-- ACTIVITY --
Reproduce the listing below word for word and exclude any picture.

-- PROVIDED DATA --
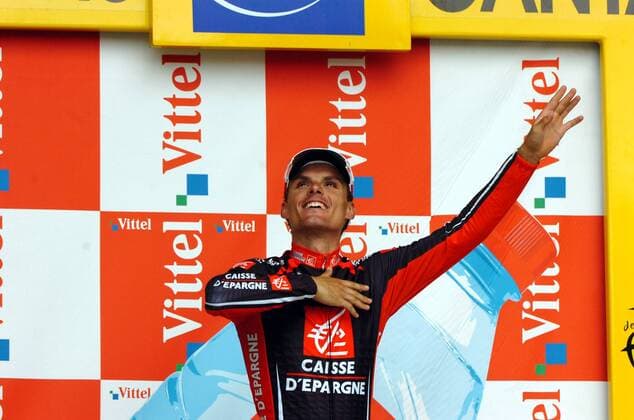 Etappensieger Luis Leon Sanchez (Spanien Caisse d Epargne) - Siegerehrung der 7. Etappe der Tour de France 2008 -  Radsport Herren Tour de France 2008, Straßenradsport, Straße, Rad Einzelbild 7. Etappe: Brioude - Aurillac Freude,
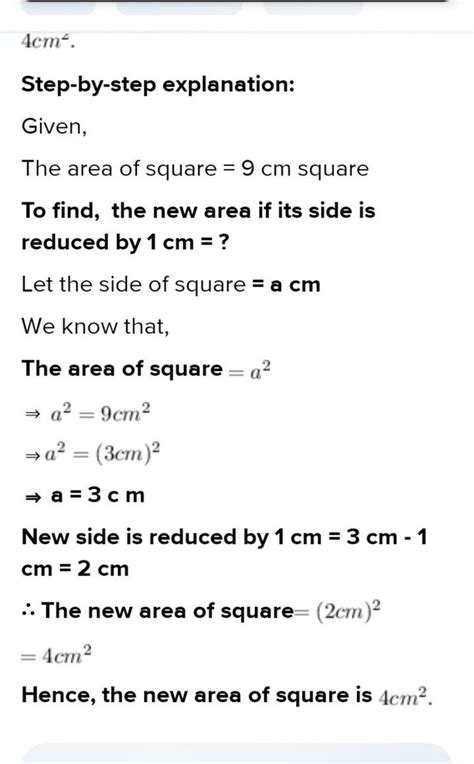 4 cm2.Step-by-step explanation:Given,The area of square =9 cm squareT..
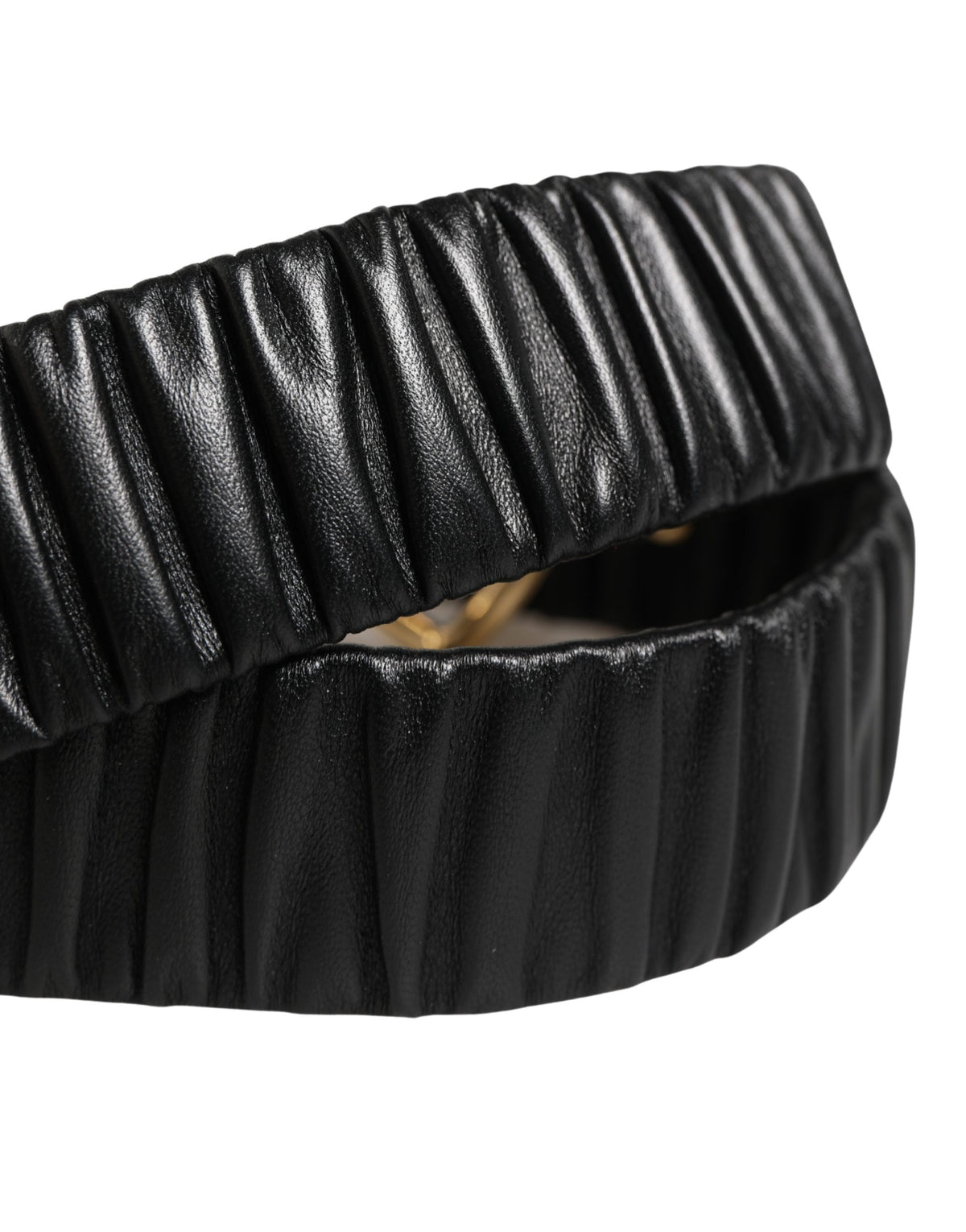 Dolce & Gabbana Black Leather Gold Heart Metal Buckle Belt - Eljoys Fashion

-- TASK SOLUTION --
 Etappensieger Luis Leon Sanchez (Spanien Caisse d Epargne) - Siegerehrung der 7. Etappe der Tour de France 2008 -  Radsport Herren Tour de France 2008, Straßenradsport, Straße, Rad Einzelbild 7. Etappe: Brioude - Aurillac Freude,
 4 cm2.Step-by-step explanation:Given,The area of square =9 cm squareT..
 Dolce & Gabbana Black Leather Gold Heart Metal Buckle Belt - Eljoys Fashion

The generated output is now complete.